You may place a number of tokens equal to your current Infectivity rating on the board. This rating starts at 2 as a result of your core traits, plus whatever bonus you get from Trait cards you have purchased. You must be connected to a nation into which you are placing tokens. You are connected if the nation is the same continent as a country that you already infect (that is, in which you already have at least one token). You are also considered connected to a country that has the Airport icon if you infect another country with the Airport icon and you have the Airborne trait. Likewise, all countries with the Port icon are considered connected for a player that has the Waterborne trait.

Additionally, you must be able to survive in the climate. Most countries are neutral; the cities (the black hexagon icons on the Country cards) have no icons on them. Anyone may move into these spaces. Some Country cards, however, have either a sun icon or a snowflake icon on all the cities in their card. You may not place a token on one of these cards unless you have the Heat Resistance trait (for the sun icons) or the Cold Resistance trait (for the snowflake icons).

Phase 5: Death

At this point, you look at the board to see which countries you control (have the most tokens in) that are completely infected (there are no empty cities on that card). You roll the Death Die (a beautiful six-sided die that is flecked with red speckles), and if the result is less than or equal to your current Lethality rating, that country is eliminated. The player who eliminated the country takes the card; all players gain one DNA point per token they had in that country and gain an Event card. Your Lethality rating starts at 1 due to your core traits, but Trait cards can have the Lethality +1 ability, which raises your rating.

Event Cards

As a result of eliminated countries, you can gain Event cards, which have a number of interesting effects. Each card tells you what it does, and when it can be played. Most are played either at the beginning or end of your turn, but some can be played during a specific phase, and others are triggered in certain circumstances (for example, there's a card that can be played when you roll to eliminate a country but fail to do so).

End Game

Once there are no more Country cards, play continues until a player has no tokens remaining on the board, or is unable to add tokens during the Infection phase. The point value of each trait on your Evolution Slide is added to your DNA score. Then you gain points for having the most tokens remaining on the board, for having the most Country cards in each region, and for having the country with the most cities. The highest score wins.
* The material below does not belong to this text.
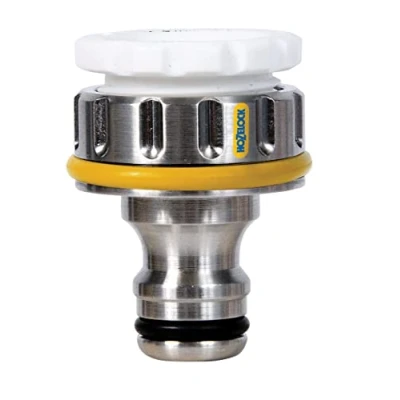 Abbildung von Hozelock 3/4“ &amp; 1/2“ externer Wasserhahnanschluss PRO, Hahnanschluss, Männlich, Messing, Chrom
Final Thoughts on Plague Inc.

It really seems like a very simply game, and the rules themselves and the actions taken on your turn are. Randomness does play a pretty big part in the game, through the Country cards, Trait cards, and Event cards that you draw, as well as rolling the Death Die to see if you eliminate a country. But there are ways to minimize this randomness (purchasing Traits that increase your Lethality, for example), and there are always significant strategic decisions to make (do you place a single token into this country that has one city icon remaining in the hopes of getting one DNA point and an Event card when the country is eliminated, or do you place it in that country that has five available spaces, but will ensure that you have control of that country?). It is this depth that makes the game fun to play. 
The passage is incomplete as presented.